Problem: search_stat not reset when pattern differs in case #17314

chrisbra · 2025-05-14T08:05:58Z

Problem: search_stat not reset when pattern differs in case
Solution: use STRNCMP instead of MB_STRNICMP macro

There was a long standing todo comment, that using MB_STRNICMP is wrong. So let's change it to STRNCMP() instead. Even if it not handle multi-byte characters correctly, then Vim will rather recompute the search stat, instead of re-using the old (and possibly wrong) value.

fixes: #17312

Problem: search_stat not reset when pattern differs in case Solution: use STRNCMP instead of MB_STRNICMP macro There was a long standing todo comment, that using MB_STRNICMP is wrong. So let's change it to STRNCMP() instead. Even if it not handle multi-byte characters correctly, then Vim will rather recompute the search stat, instead of re-using the old (and possibly wrong) value. fixes: vim#17312 Signed-off-by: Christian Brabandt <cb@256bit.org>

girishji · 2025-05-14T09:49:20Z

@chrisbra, will this work for mb_strncmp()?

/*
 * Compare two multibyte strings up to "n" characters.
 * Case-sensitive version of mb_strnicmp().
 */
int mb_strncmp(char_u *s1, char_u *s2, size_t n)
{
    int c1, c2;
    size_t i = 0;

    while (i < n)
    {
        c1 = mb_ptr2char_adv(&s1);
        c2 = mb_ptr2char_adv(&s2);

        if (c1 != c2)
            return c1 - c2;
        if (c1 == NUL)  // end of string
            break;
        ++i;
    }
    return 0;
}

It should work for utf8 and DBCS. But, the comment says:

 * Needed for Big5, Shift-JIS and UTF-8 encoding.  Other DBCS encodings can
 * probably use strnicmp(), because there are no ASCII characters in the...

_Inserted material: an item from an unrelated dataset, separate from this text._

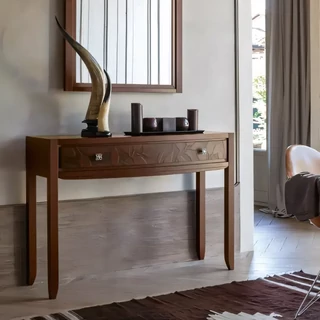 Konzolasztal 1 fiókkal, levélmintás díszítéssel – Morello 3688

So, the above version may not work for Big5, etc. An alternative approach is to implement a utf_strncmp() function (below), and use it in mb_strncmp() modeled after mb_strnicmp(), but without the MB_TOLOWER() step.

/*
 * Compare two UTF-8 strings up to "n" Unicode characters.
 * Case-sensitive.
 */
int utf_strncmp(char_u *s1, char_u *s2, size_t n)
{
    int c1, c2;
    size_t i = 0;

    while (i < n)
    {
        if (*s1 == NUL && *s2 == NUL)
            return 0;

        c1 = utf_ptr2char((char_u *)s1);
        c2 = utf_ptr2char((char_u *)s2);

        if (c1 != c2)
            return c1 - c2;

        s1 += utf_ptr2len(s1);
        s2 += utf_ptr2len(s2);
        ++i;
    }

    return 0;
}

chrisbra · 2025-05-14T11:37:31Z

Makes sense. I'll include your version then

zeertzjq · 2025-05-14T23:07:19Z

I'm confused. How does STRNCMP() not handle multi-byte correctly and why is utf_strncmp() needed? And using this utf_strncmp() here is wrong, as lastpatlen is the number of bytes, not the number of characters.

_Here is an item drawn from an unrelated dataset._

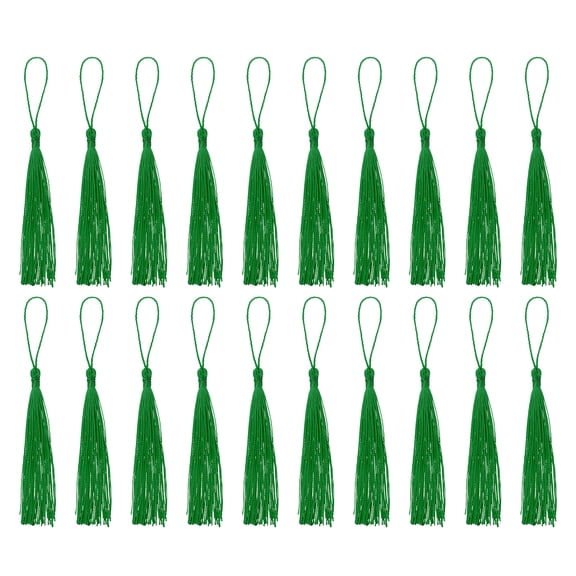 Uxcell 30Pack 5" Silky Bookmark Tassels with Loop for DIY Craft Accessory, Lawn Green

girishji · 2025-05-15T06:04:57Z

I'm confused. How does STRNCMP() not handle multi-byte correctly and why is utf_strncmp() needed? And using this utf_strncmp() here is wrong, as lastpatlen is the number of bytes, not the number of characters.

I think I was not clear. I meant using utf_strncmp() inside mb_strncmp:

    int
mb_strncmp(char_u *s1, char_u *s2, size_t nn)
{
...
    if (enc_utf8)
    {
	return utf_strncmp(...);
    }
    else
    {
	return STRNCMP(...)
   }
    return 0;
}

I assumed non-utf8 multi-code chars are different from utf8 multi-code (from reading the comments) and that strncmp() will not work for them. I assumed that is why strncmp() was not used earlier. Let me verify this with some tests.

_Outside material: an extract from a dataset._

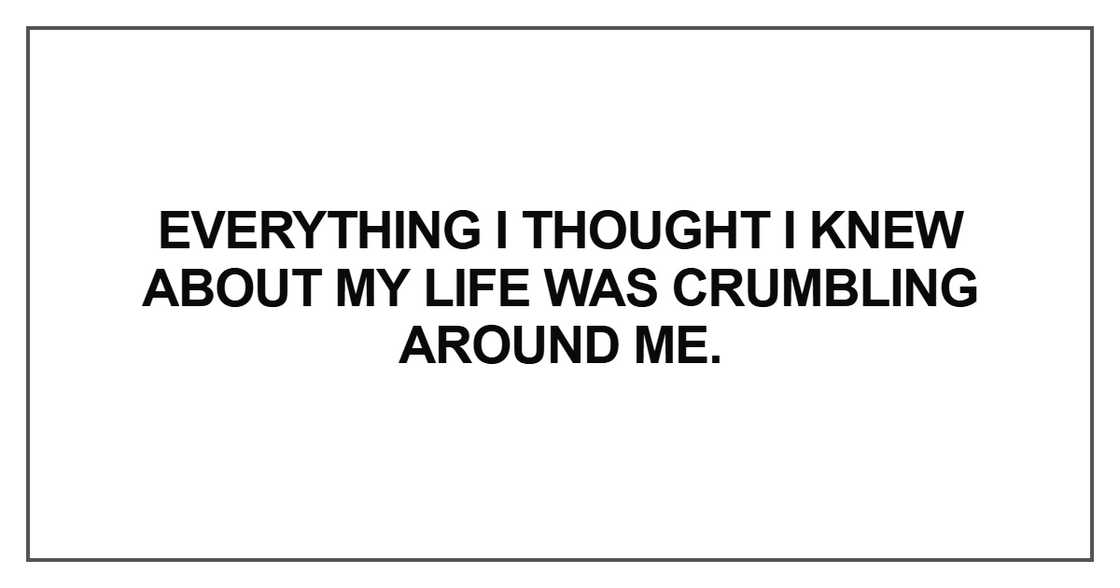 Everything I thought I knew about my life Everything I thought I knew about my life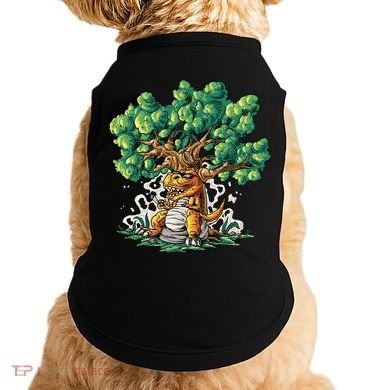 T Rex Smoking Joint Under A Tree Doggie Tank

girishji · 2025-05-15T07:18:48Z

@zeertzjq

STRNCMP() and STRCMP() do not appear to handle multi-byte characters correctly. Here's an example:

STRNCMP("é", "é", 2)

This returns 0, indicating the strings are equal—but they are not. The first string is a single character "é" (U+00E9), while the second is composed of two code points: "e" (U+0065) followed by a combining acute accent (U+0301).

In digraph notation:

The first string is entered as Ctrl-K ' e
The second string as e Ctrl-V u 0301

Since STRNCMP() compares raw bytes, it happens that the first two bytes match—even though the second string consists of three bytes in total. STRCMP() also gives an incorrect result for similar reasons.

EDIT: strcmp()/strncmp() also does not handle DBCS (Shift-JIS, Big5) correctly

zeertzjq · 2025-05-15T07:47:40Z

STRNCMP() and STRCMP() do not appear to handle multi-byte characters correctly. Here's an example:
STRNCMP("é", "é", 2)

This case is not relevant here, since lastpatlen is the full length of lastpat, so it'll not compare only a part of a multibyte character.

STRCMP() also gives an incorrect result for similar reasons.

Example?

girishji · 2025-05-15T08:23:50Z

STRCMP() does handle multi-byte characters correctly—there was a bug in my test. The actual issue lies with STRNCMP(), which compares a fixed number of bytes and can misinterpret multi-byte sequences.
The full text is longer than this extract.